Vozes da Periferia: 'Os jovens não tão tendo nem a oportunidade de serem presos, estão morrendo no caminho.'

Entrevistamos Thiago Vinícius, uma das principais vozes da quebrada de São Paulo, produtor cultural e articulador comunitário do Banco União Sampaio, iniciativa revolucionária do Capão Redondo que redistribui o tempo entre a periferia e se aprofunda nas experiências de Economia Solidária. Thiago comenta a violência, as redes, a visibilidade dos movimentos sociais e seu objetivo: tirar  a comunidade das páginas policiais e ocupar as páginas culturais. 

Mídia NINJA: No contexto de um novo Brasil, com mega-eventos e contradições expostas, quais os desafios do nosso país? 

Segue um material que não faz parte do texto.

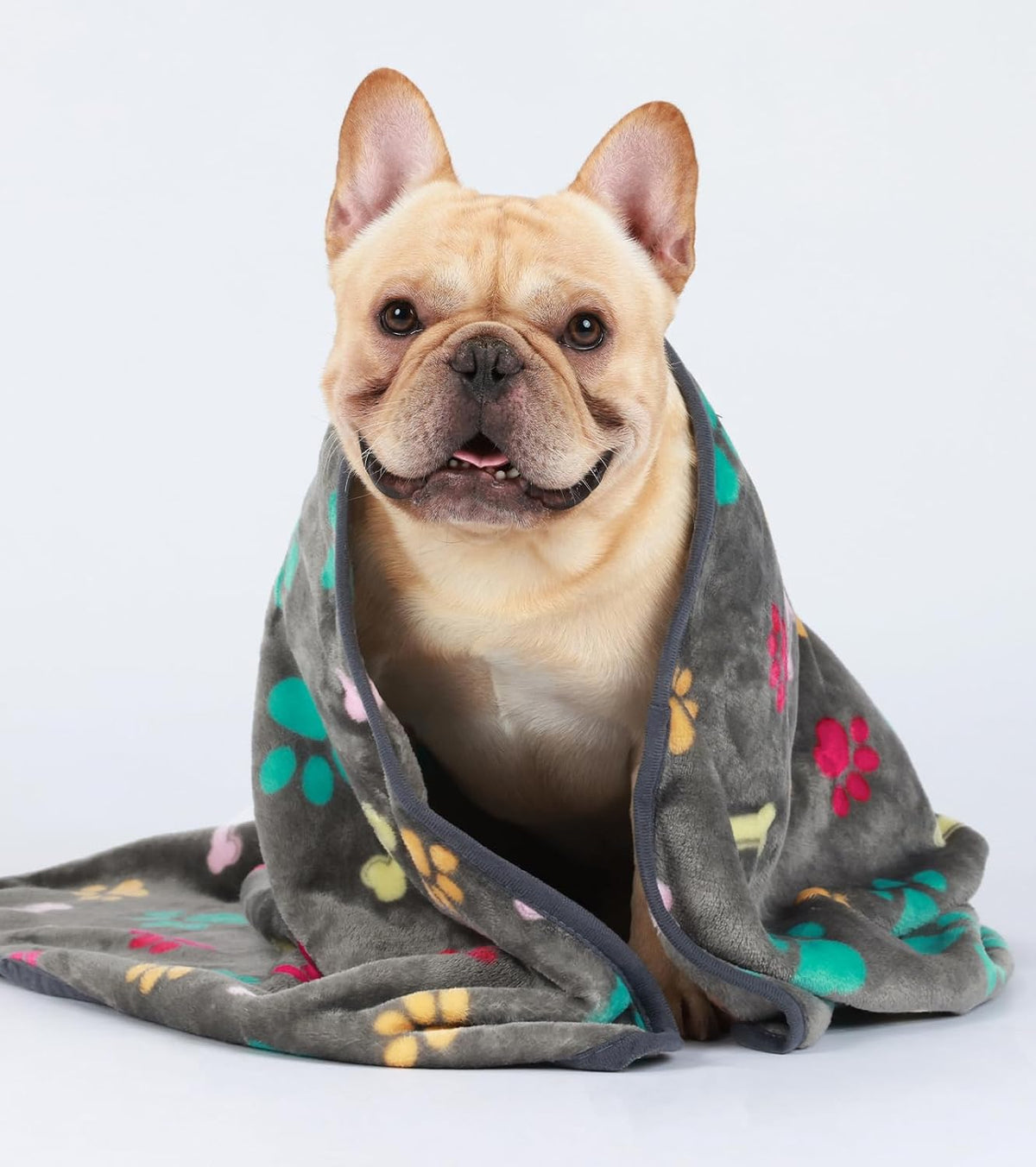 1 Pack 3 Blankets Fluffy Premium Fleece Pet Blanket Flannel Paw Printed Throw for Dog Cat(Small 23x16'', Grey/Brown/Blue)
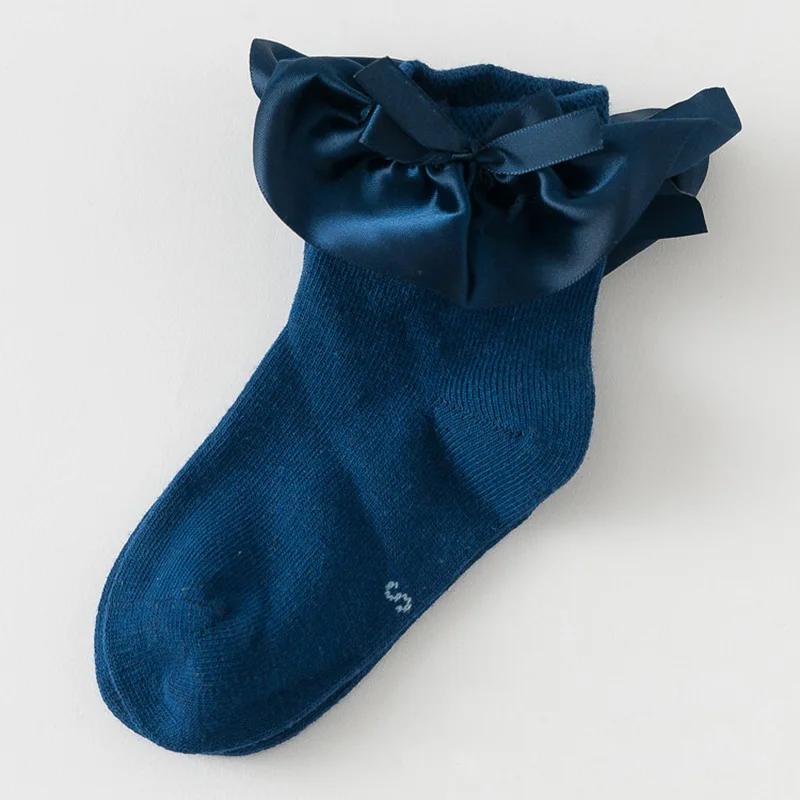 Для детей от 2 до 4 лет, милые хлопковые носки с оборками и кружевами для маленьких девочек короткие носки принцессы с кружевным бантом и мягкой отделкой для малышей - Цвет: Navy blue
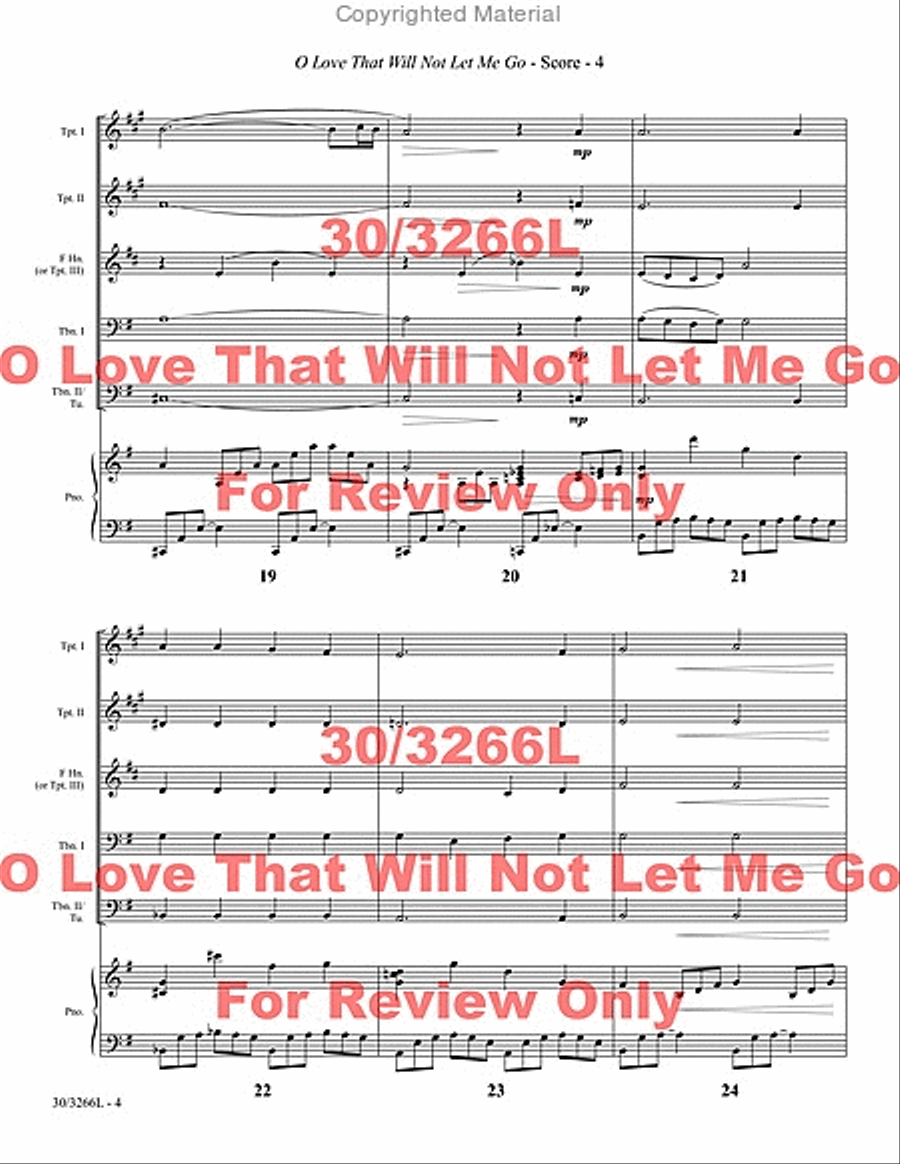 O Love That Will Not Let Me Go Brass Ensemble scores gallery preview page 5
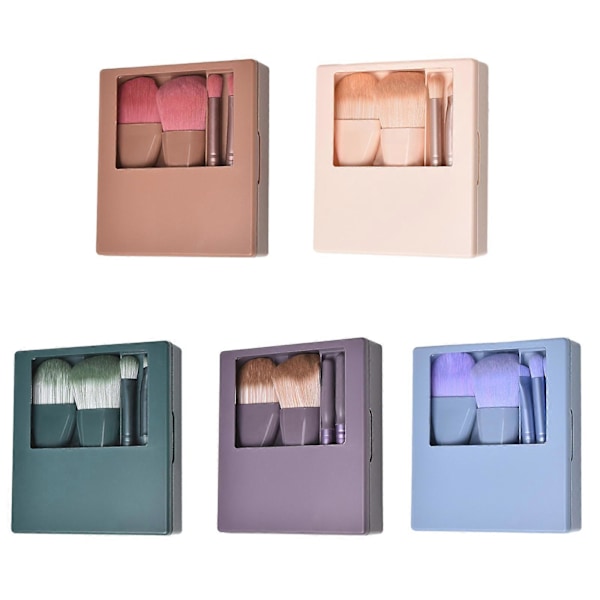 5 stk. Rejsestørrelse Makeupbørstesæt Mini Makeupbørster Lille Komplet Funktion Kosmetikbørstesæt Med Etui Og Spejl Perfekt Til På Farten Blue
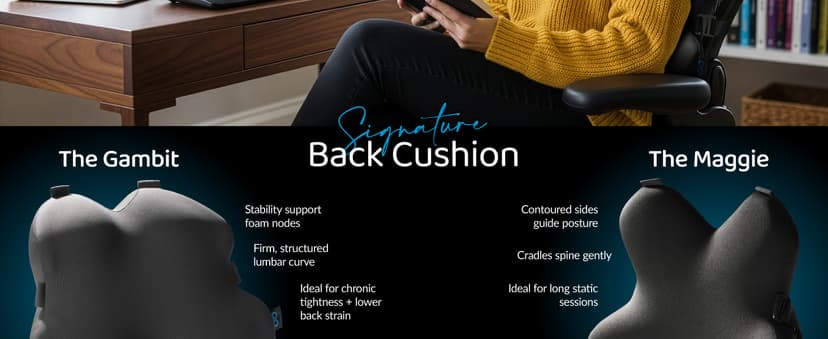 Everlasting Comfort Lumbar Support Pillow for Office Chair - Memory Foam Back Cushion for Car Seat - Promotes Better Posture, Back Pain Relief - Ideal Gaming and Desk Chairs Work and Home Essentials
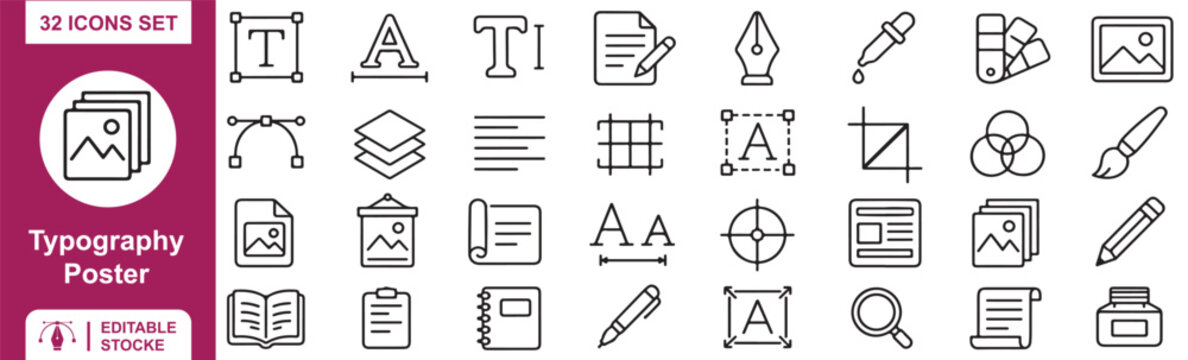 Typography Icons Set &ndash; 32 Editable Outline Stroke Icons for Graphic Design, Text and Publishing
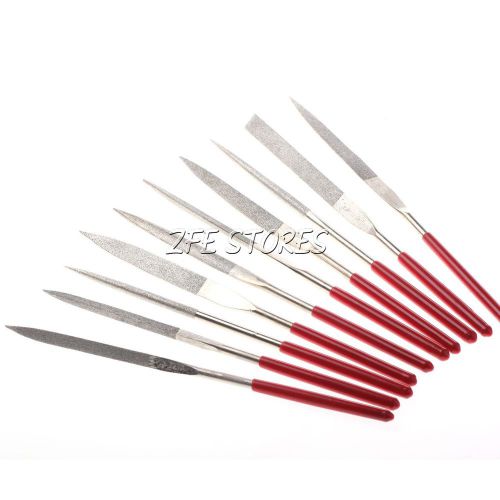 10 in 1 red handle diamond needle file set tool 100mm for sale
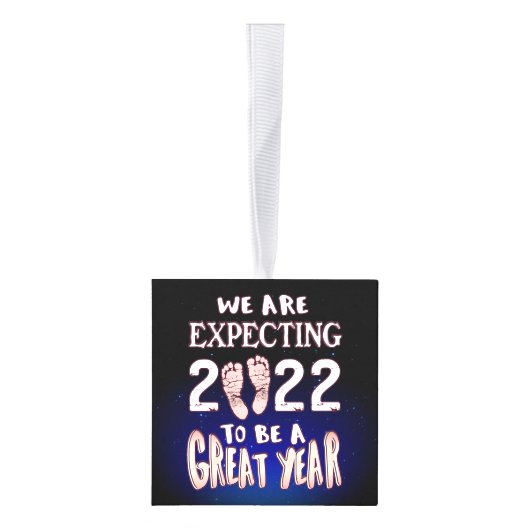 ピンクの足跡が性別を暴く女の子 キューブオーナメント (右)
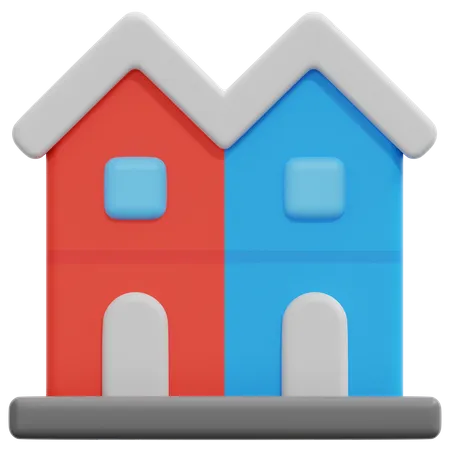 Terraced House  3D Icon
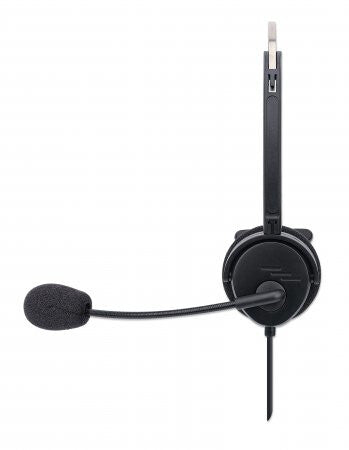 Manhattan Mono On-Ear Headset (USB), Microphone Boom (padded), Polybag Packaging, Adjustable Headband, In-Line Volume Control, Ear Cushion, USB-A for both sound and mic use, cable 1.5m, Three Year Warranty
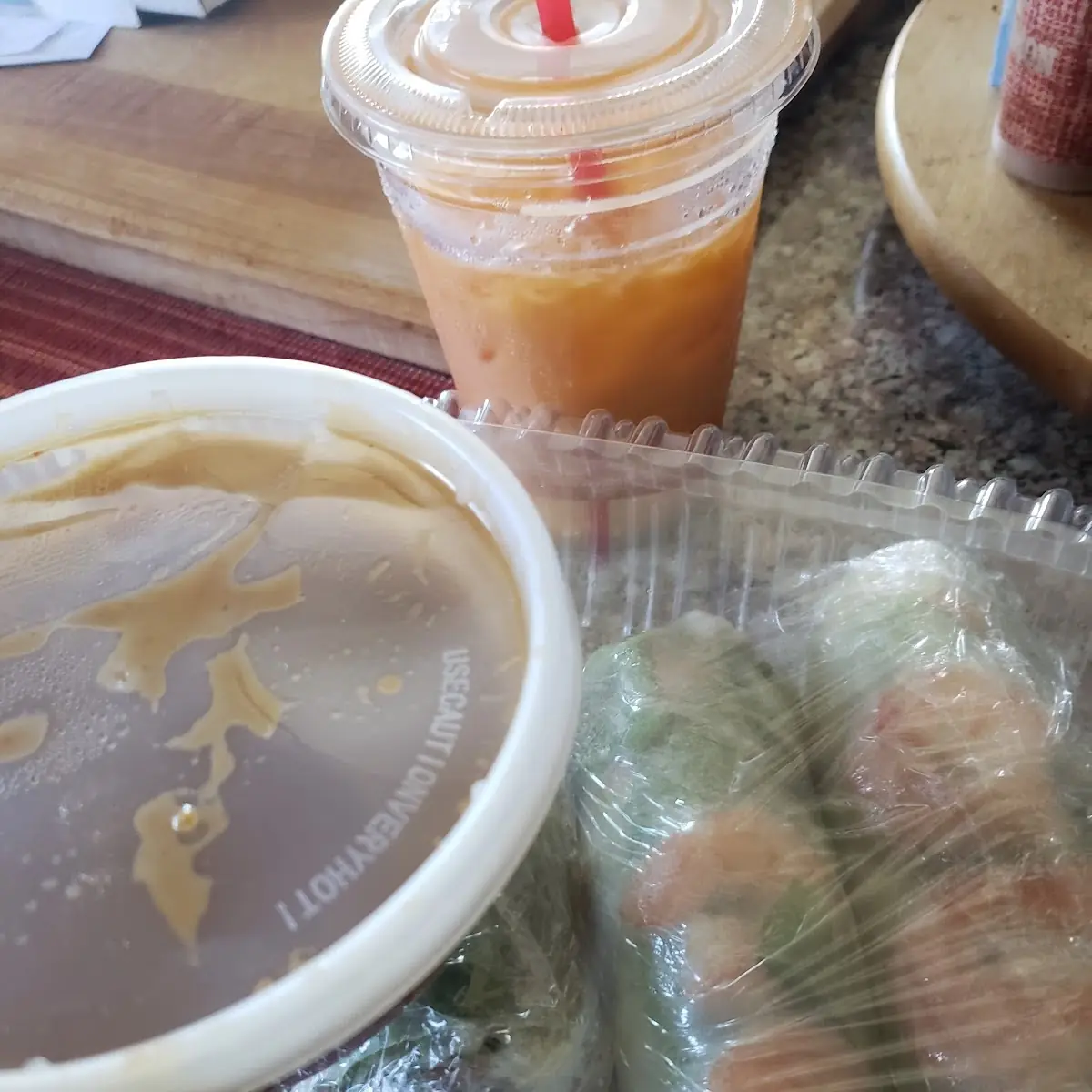 Thai Iced Tea and Fresh Shrimp Spring Roll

Thiago: A questão do Brasil é  uma juventude que sofreu muito, passou por diversas dificuldades. As redes sociais e a internet tiveram um papel fundamental nisso porque não é um novo Brasil que estamos vivendo, estamos vivendo uma visibilidade do que era invisível. Isso é uma coisa que a gente tá conseguindo visualizar e eu to super feliz que está acontecendo na minha geração porque eu to fortalecendo cada vez mais o intuito de  tirar a minha comunidade das páginas policiais e ocupar as páginas culturais.
Isso é uma total mudança na minha qualidade de vida, uma mudança na qualidade de vida da cidade que fica mais rica e mais robusta quando a gente legítima que na periferia temos a cultura periférica,  os saraus, e que, do outro lado da ponte, a gente tem coisas também maravilhosas como o Ibirapuera, como o MASP, como a própria Praça Roosevelt, que está sendo palco de vários encontros.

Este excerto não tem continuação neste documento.